Having sought to define the attitude of the South toward Northern capital, and to indicate the nature of the appeals made to the outside capitalist, the last topic of this discussion is reached in an examination of the response of investors outside of the South to invitations, and the influx of capital when the opportunities for profit had become apparent.
It must be plain that as the sections drew together with each year that removed the "reminders of the Civil War, the South was more welcoming in her attitude toward Northern capital, and the North more ready to invest in the South. This is recognized in an editorial of The News and Courier, headed The North and Europe Building Up the South": "It has been evident during the past two years that the distrust which had prevented capital from coming to the Southern States for investment has, in a large measure, been dissipated, and that the disposition to place money in the South in undertakings which promise a fair return is rapidly growing strong. Indeed, the process has gone on much more swiftly than is supposed by those who have not watched the course of events...." Continuing, the editorial quotes an estimate appearing in the New York Herald, that in the eighteen months preceding Northern and European capitalists subscribed to Southern enterprises located in the section east of the Mississippi and South of the James, $100,000,000. Of this amount, more than $90,000,000 was invested in railroads, without the $20,000,000 in the Cincinnati Southern. "Besides the investments in railroads there are the investments in cotton manufactures. There is hardly a city in the South in which there is not a new factory building organizing, and in nearly every case a considerable part of the capital is raised at the North."[235]
The Baltimore American said the same thing: "The South is now the focal point of trade aspirations for the whole country. Capital and industrial activity are crowding upon it from every point of the compass. Every railroad system in the land is struggling to reach it...."[236]
Outside capital invested in Southern cotton mills took two forms—subscriptions to the stock of mills managed in whole or in part by Southern men, and the actual setting up of plants in the South owned throughout by Northern promoters. Of these two, the second was of much the rarer occurrence. Capital not domestic came from two main sources, the North and East, and from England. There is no reason to believe that the English subscriptions, in spite of frequent allusions to England as a possible investor, were large or many.

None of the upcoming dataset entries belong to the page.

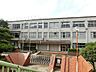 周辺：直方市立直方東小学校(500m)
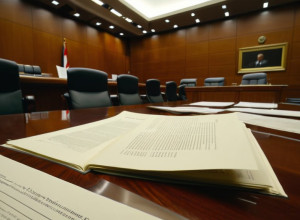 Политическое потрясение в Брюсселе: Дебаты о Законе ЕС о цепочках поставок и раскол в Парламенте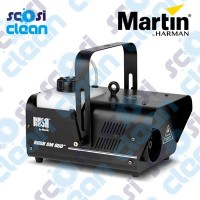 Rush SM-650 MARTIN by Harman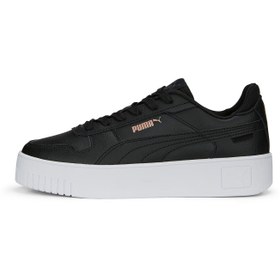 Resim Puma Carina Street Kadın Spor Ayakkabı 38939002 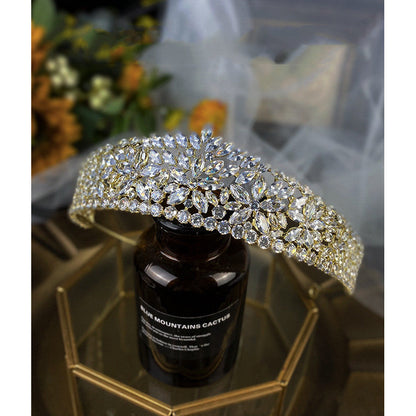 Luxury New Queen S Jewelry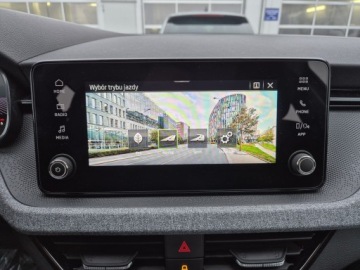 Skoda 2025 Skoda Kamiq Edition 130 1.0 TSI Auto z placu, zdjęcie 26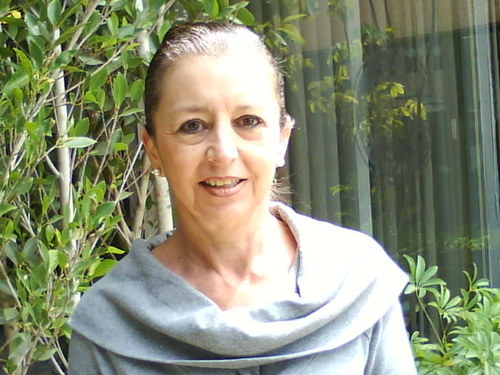 Sara1952's profile picture. Asesor Inmobiliario Certificado.
Trabajo para el mejor Freccionamiento Lomas Country Club.
Tel. 52-91-37-38
Cel. 55-30734136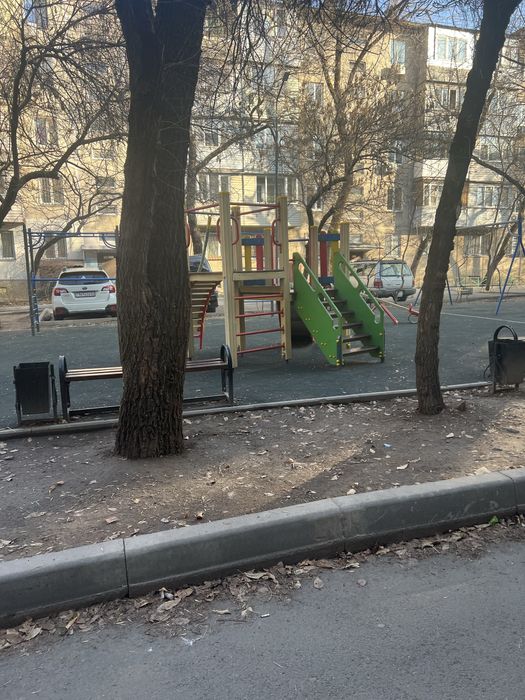 Сдам в аренду квартиру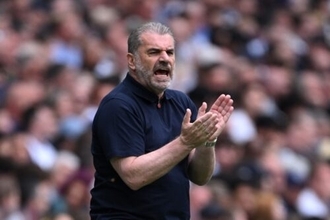 「本来のレベルでプレーしているとは誰も言えない」　ポステコグルー氏がトッテナム再起のカギを語る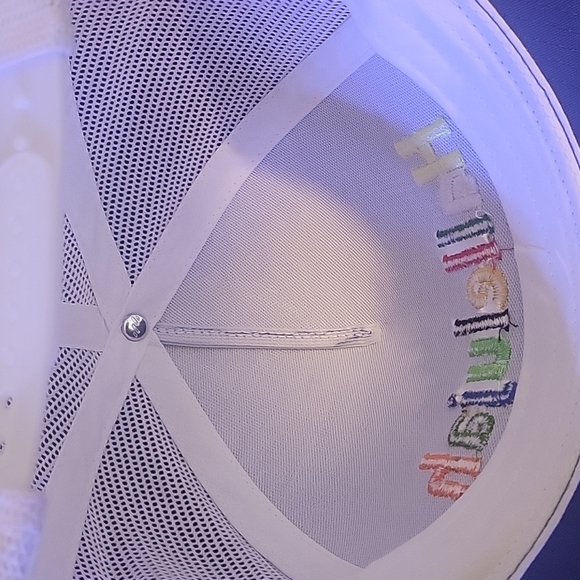 Snapback hat - Picture 4 of 4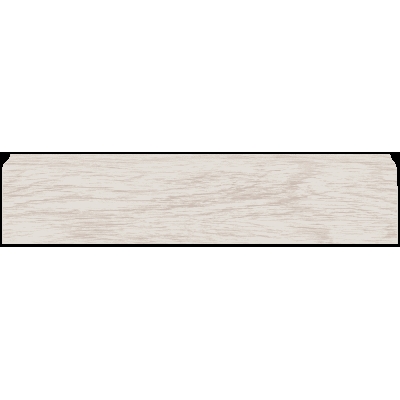 Плинтус DecorPlast LL006 Бальза светло-серая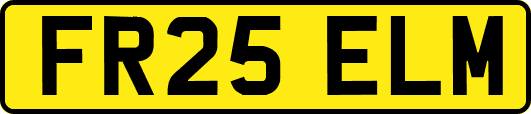 FR25ELM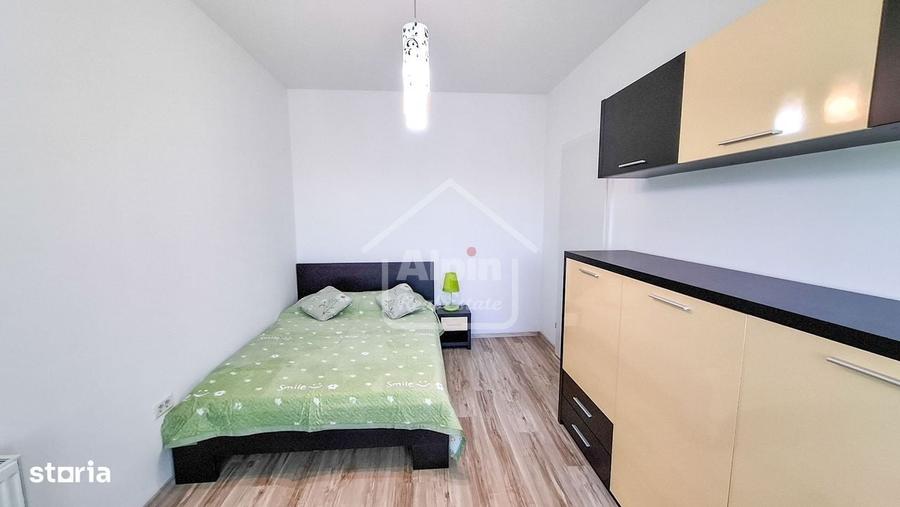 Apartament cu 2 camere în Astra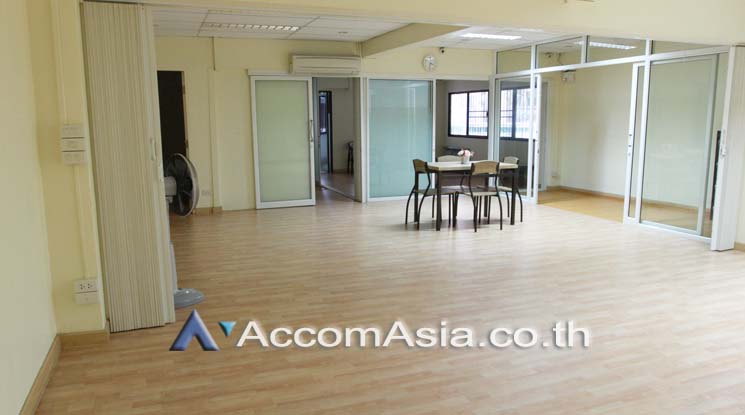  1  Retail / Showroom For Rent in Sukhumvit ,Bangkok BTS Thong Lo AA18683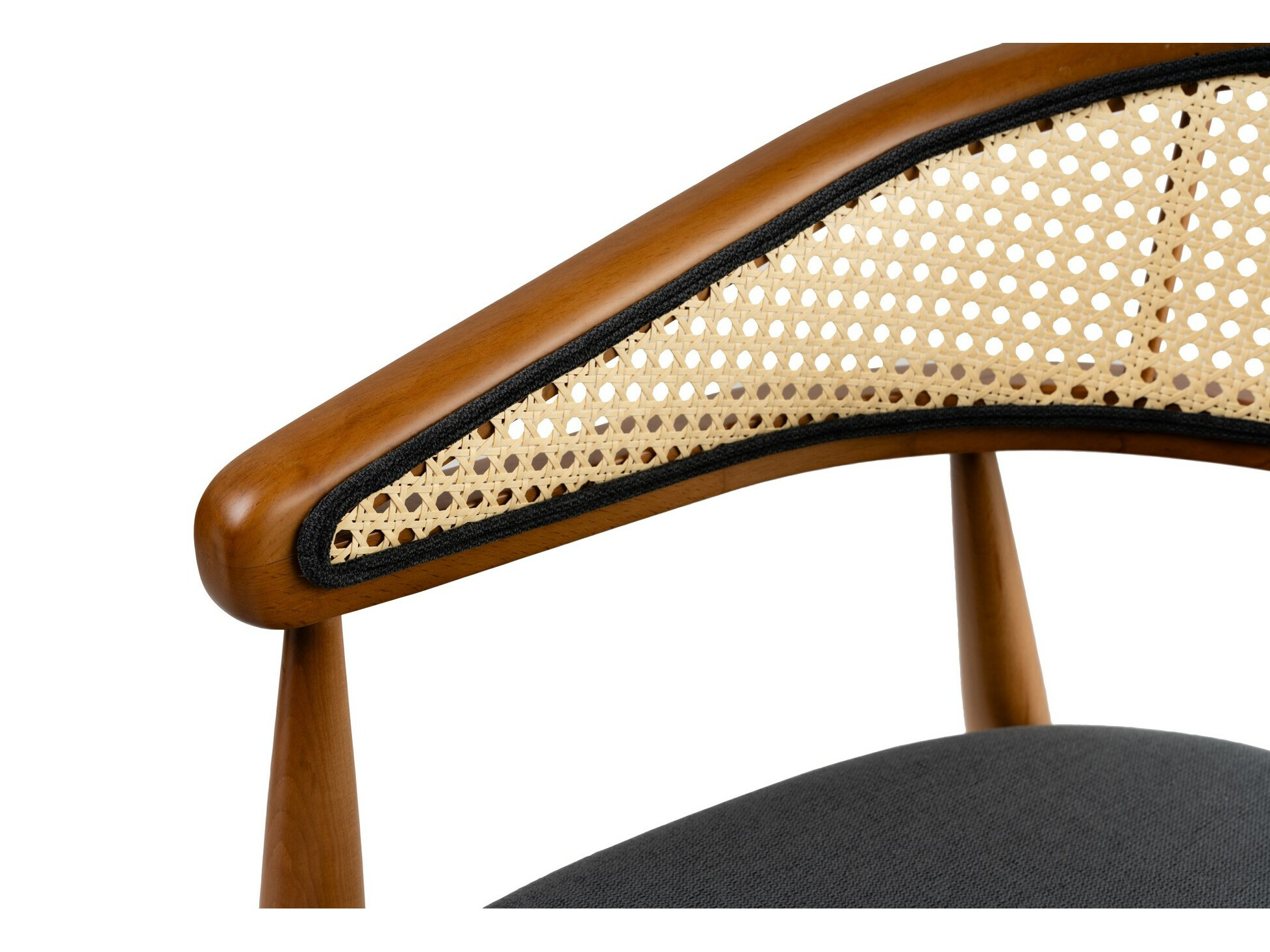 Stolica Asheboro 106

Pawtucket being the pioneer cotton manufacturing place in the North, Providence, which had come to virtually absorb the smaller city, took a great interest in the new mills of the South after the Civil War. A Providence mechanical engineer designed the mills and machinery for some of the most successful plants, and that its men were thinking of setting up mills of their own in the South is evidenced by the visit of Mr. Boyd to Georgia in 1881, when on behalf of New England capitalists he prospected the State for the best location for a large cotton factory.[237]
A little later it was given as common knowledge that several of the largest manufacturing firms of Manchester, England, had secured sites for mills in the Southern States.[238] A London correspondent of the New York World remarked a clear disposition of English capital to seek investment in Southern manufactures.[239]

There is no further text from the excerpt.